Escribo esto desde Cambridge, Inglaterra, y mi indignación por del ataque a mi Padre es de origen británico. La calumnia en cuestión es este párrafo de un famoso escritor británico:
- Lo que ocurre no es que la cruz es una forma de abuso infantil cósmico—un Padre vengativo que castiga a su Hijo por una ofensa que ni siquiera ha cometido. Con razón, los que están tanto dentro como fuera de la iglesia consideran esta versión retorcida de los hechos moralmente dudosa y una barrera enorme para la fe. De todos modos, además de eso, este concepto contradice totalmente la afirmación: “Dios es amor”. Si la cruz es un acto personal de violencia infligida por Dios al género humano pero sufrida por su Hijo, entonces, esto convierte en una farsa lo que Jesús nos ha enseñado acerca de amar a los enemigos y de no pagar el mal con el mal (Steve Chalke y Alan Mann, The Lost Message of Jesus, [Grand Rapids, MI: Zondervan, 2003], págs. 182-183).
Es el pasaje asombroso de una obra de alguien que dice ser cristiano. En nombre de mi Padre en los cielos, puedo dar buena fe de que, antes de que me adoptara, permanecía bajo su terrible ira. Jesús dijo: “El que cree en el Hijo tiene vida eterna; pero el que no obedece...la ira de Dios permanece sobre él.” (Juan 3:36). Permaneceremos bajo este castigo hasta que empecemos a tener fe en Jesús. Pablo lo explica así: “éramos por naturaleza hijos de ira, lo mismo que los demás.” (Efesios 2:3). Mi propia naturaleza me hizo merecer el castigo.

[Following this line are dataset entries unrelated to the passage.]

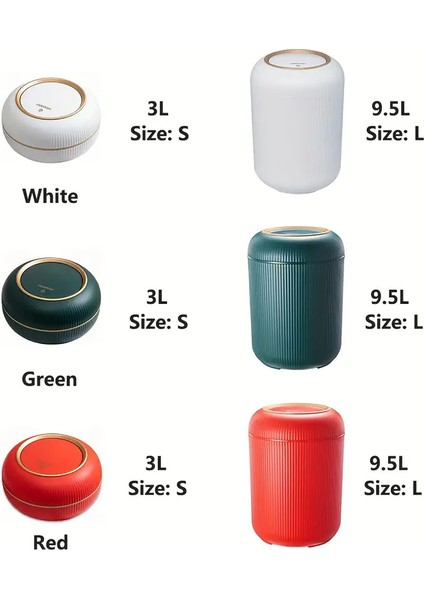 Çizgili Pres Tipi Büyük Kapasiteli Masaüstü Temizlik Çöp Kovası Oturma Odası/mutfak/yatak Odası (Yurt Dışından) modelleri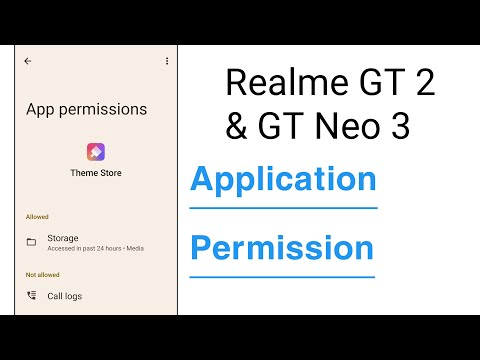 Realme GT 2 & GT Neo 3 Application Permission Allow And Deny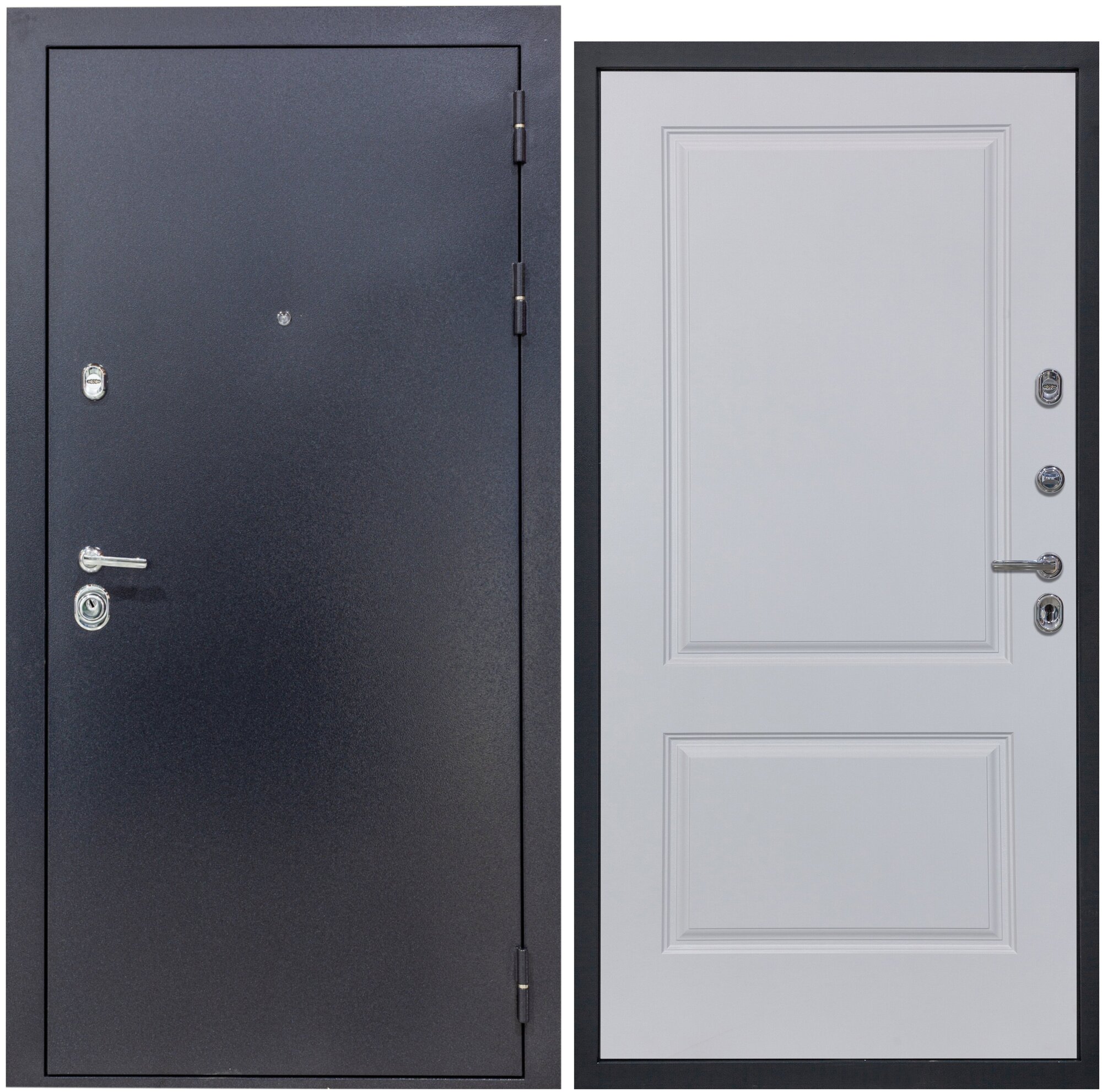 Дверь входная металлическая DIVA 40 2050x960 Правая Титан - Д7 Белый Софт, тепло-шумоизоляция, антикоррозийная защита для квартиры и дома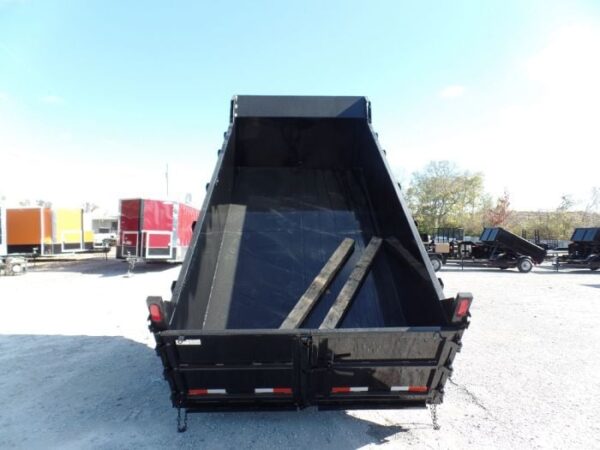 Hydraulic Dump Trailer 7x14 Landscape Equipment 3ft Sides - Image 23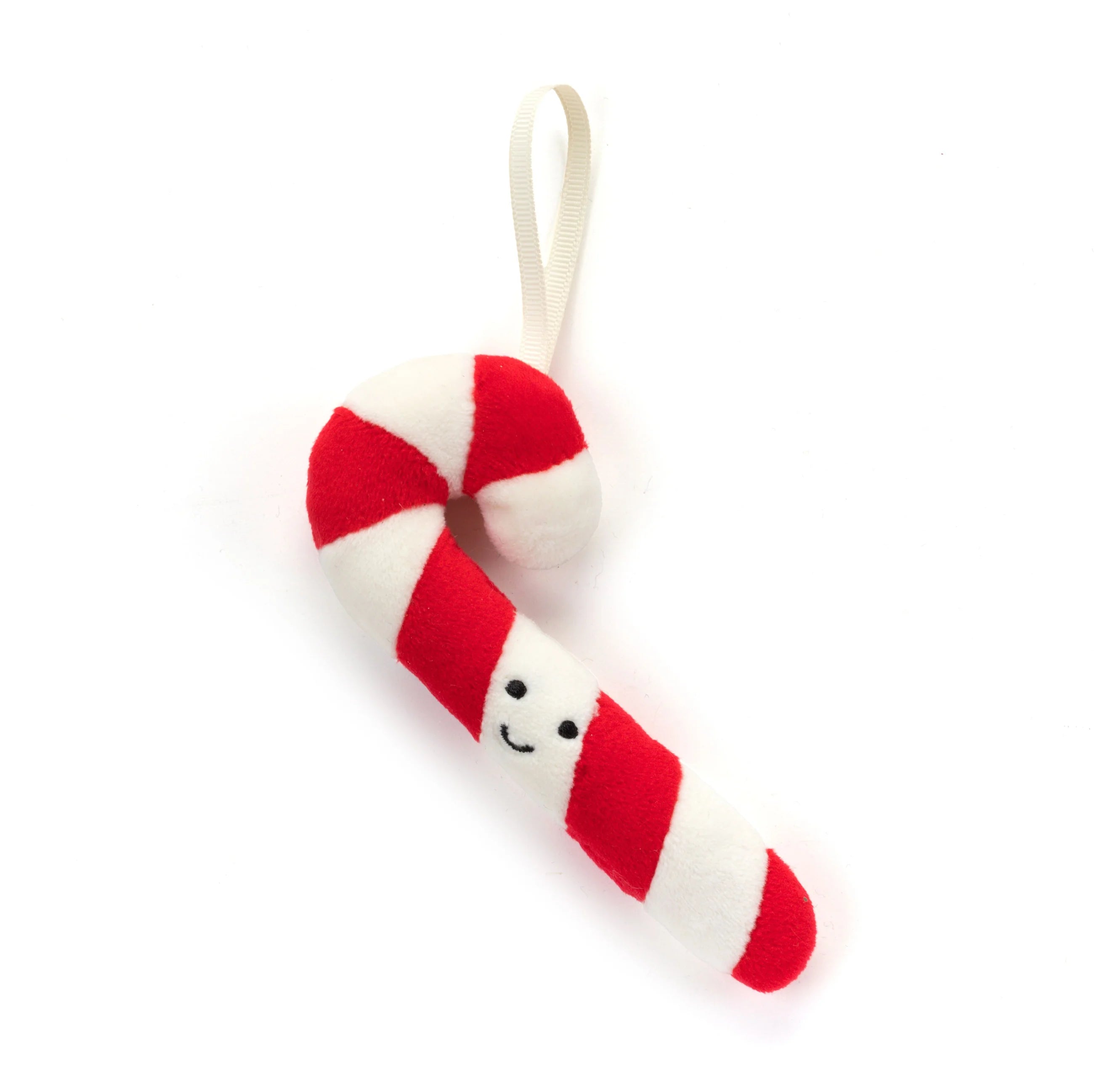 Jellycat Festive Folly Candy Cane Plush Toy - Soft & Cuddly Christmas Stuffed Animal for Kids & Adults - Perfect Holiday Gift & Home Decor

Mi destino era el de sufrir el “fuego llameante” y el castigo de “los que no... obedecen el evangelio de nuestro Señor Jesús ... [y que] sufrirán el castigo de la destrucción eterna” (2 Tesalonicenses 1:8-9). Yo no era un hijo de Dios. Dios no era mi Padre, era mi juez y mi verdugo. Yo era uno de “los hijos de desobediencia” (Efesios 5:6). Era muerto en delitos y pecados. Y la frase de mi Juez era clara y atterador: "Pues por causa de estas cosas la ira de Dios viene sobre los hijos de desobediencia" (Efesios 5:6).

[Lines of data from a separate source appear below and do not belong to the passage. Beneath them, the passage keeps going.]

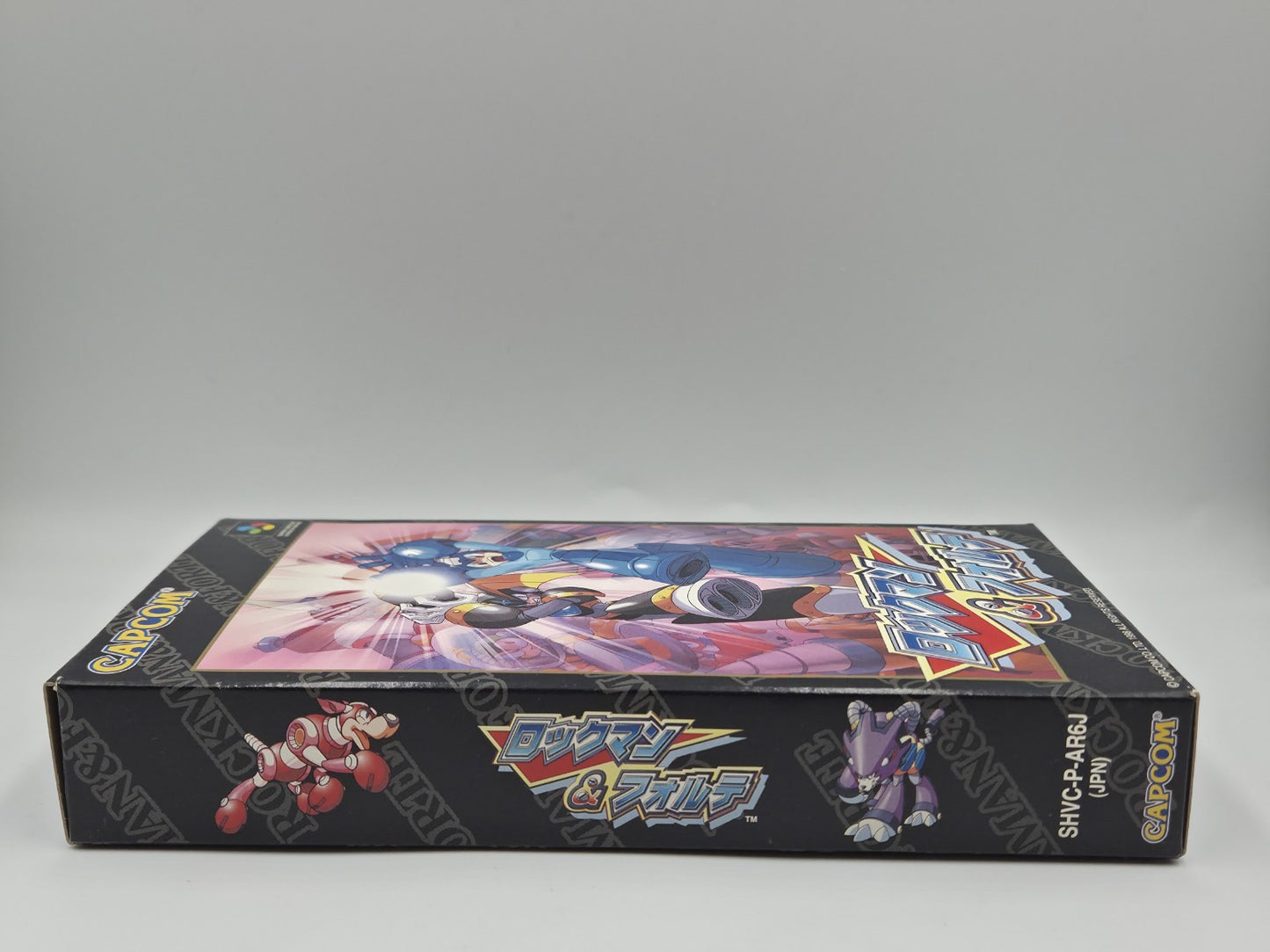 SFC Super Famicom Rockman & Forte Mega Man & Bass mit OVP und Anleitung Japan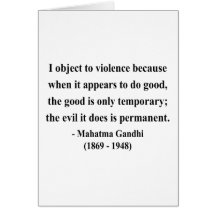 Gandhi Quote 9a Greeting Cards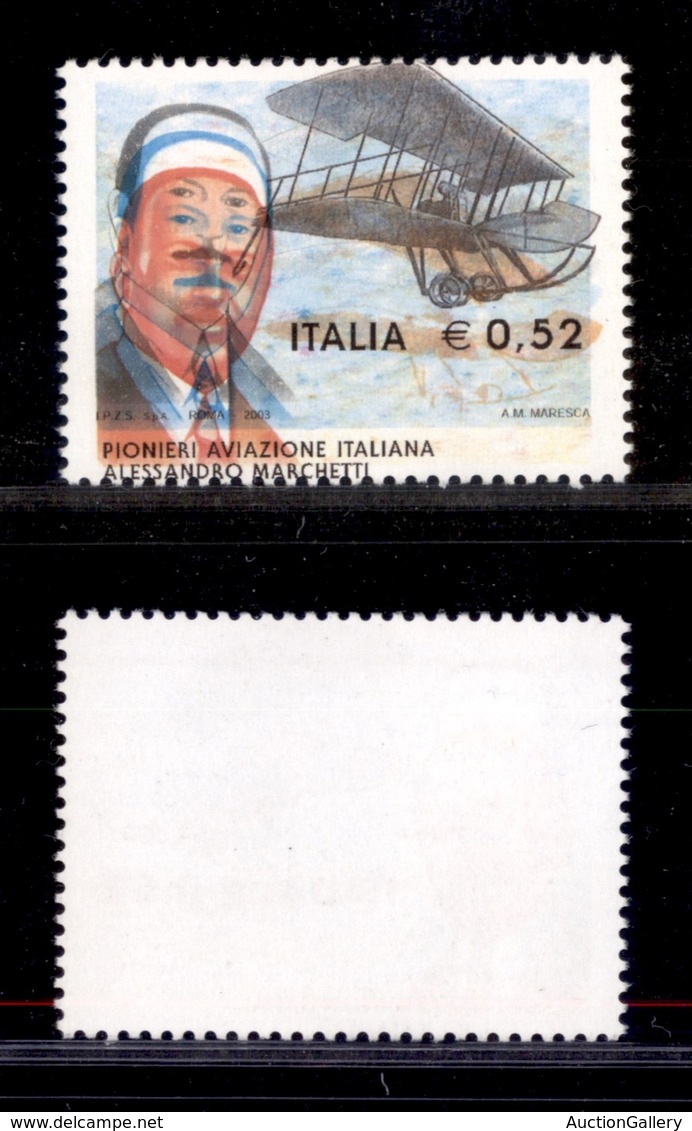 2275 REPUBBLICA  - 2003 - 52 Cent Marchetti (2705) - Colori Spostati - Gomma Integra - Autres & Non Classés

Había solamente una esperanza para mi—que gracias a la infinita sabiduría de Dios, el amor de Dios pudiera satisfacer la ira de Dios, de manera que pudiera hacerme hijo de Dios.
Esto es exactamente lo que ocurrió y lo celebraré para siempre. Después de afirmar que yo era por naturaleza objeto de la ira de Dios, Pablo dice, “Pero Dios, que es rico en misericordia, por su gran amor por nosotros, nos dio vida con Cristo, aun cuando estábamos muertos en pecados” (Efesios 2:4-5). “Pero cuando vino la plenitud del tiempo, Dios envió a su Hijo... a fin de que redimiera a los que estaban bajo la ley, para que recibiéramos la adopción de hijos.” Dios envió a su Hijo para rescatarme de su castigo y hacerme hijo suyo.
¿Cómo lo hizo? Lo hizo de la manera que Steve Chalke llama calumniosamente “abuso infantil cósmico.” El Hijo de Dios sufrió la maldición de Dios en mi lugar. “Cristo nos rescató de la maldición de la ley al hacerse maldición por nosotros—pues está escrito: ‘Maldito todo el que es colgado de un madero’” (Gálatas 3:13). Si la gente en el siglo XXI considera el más grande acto de amor “moralmente dudoso y una barrera enorme para la fe,” no había muchas diferencias la época de Pablo. “Mientras que nosotros predicamos a Cristo crucificado. Este mensaje es motivo de tropiezo para los judíos, y es locura para los gentiles” (1 Corintios 1:23).
Sin embargo, para los que han sido llamados por Dios y que creen en Jesús, esto es “el poder de Dios y la sabiduría de Dios” (1 Corintios 1:24). Esto es mi vida. Así es cómo Dios pudo convertirse en mi Padre. Ahora que ya no permanezco bajo su castigo (Juan 3:36), ha enviado al Espíritu que me adopta como hijo y que me permite clamar: “¡Abba! ¡Padre!” (Romanos 8:15). Por lo tanto, recito esta oración: “Conozca, Padre Celestial, que te agradezco con todo mi corazón, y que mido tu amor por mí con la magnitud de la ira que merezco y el milagro de tu misericordia poniendo a Cristo en mi lugar.”